(Stored items)
##############################

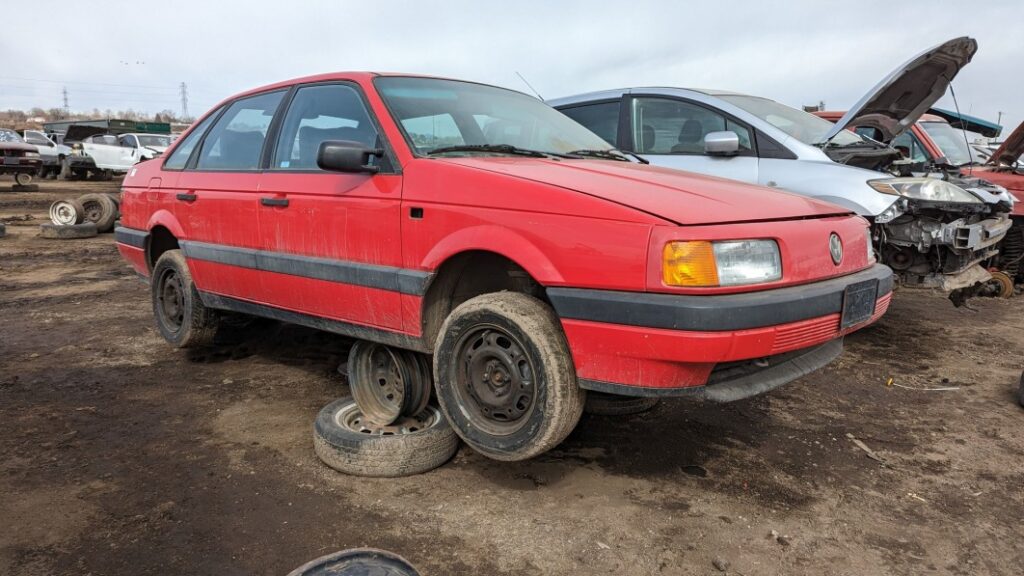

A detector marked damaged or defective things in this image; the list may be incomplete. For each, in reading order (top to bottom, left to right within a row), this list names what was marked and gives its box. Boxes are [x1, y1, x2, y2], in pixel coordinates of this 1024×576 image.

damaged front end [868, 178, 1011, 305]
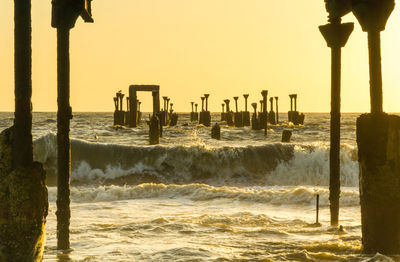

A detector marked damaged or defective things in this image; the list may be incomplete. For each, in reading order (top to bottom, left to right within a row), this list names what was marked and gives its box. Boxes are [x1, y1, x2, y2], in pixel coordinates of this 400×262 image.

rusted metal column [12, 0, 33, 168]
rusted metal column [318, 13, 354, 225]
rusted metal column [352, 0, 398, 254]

##############################

== About this task ==
Once the pictures are set aside, transcribe the remaining lines above exactly.

== Result for this exercise ==
A detector marked damaged or defective things in this image; the list may be incomplete. For each, in reading order (top to bottom, left to right within a row), this list names what was marked and gives its box. Boxes are [x1, y1, x2, y2], in pixel coordinates of this 1024×576 image.

damaged front end [868, 178, 1011, 305]

A detector marked damaged or defective things in this image; the list may be incomplete. For each, in reading order (top to bottom, left to right within a row), this list names what was marked and gives its box. Boxes are [x1, y1, x2, y2], in pixel coordinates of this 400×262 image.

rusted metal column [12, 0, 33, 168]
rusted metal column [318, 13, 354, 225]
rusted metal column [352, 0, 398, 254]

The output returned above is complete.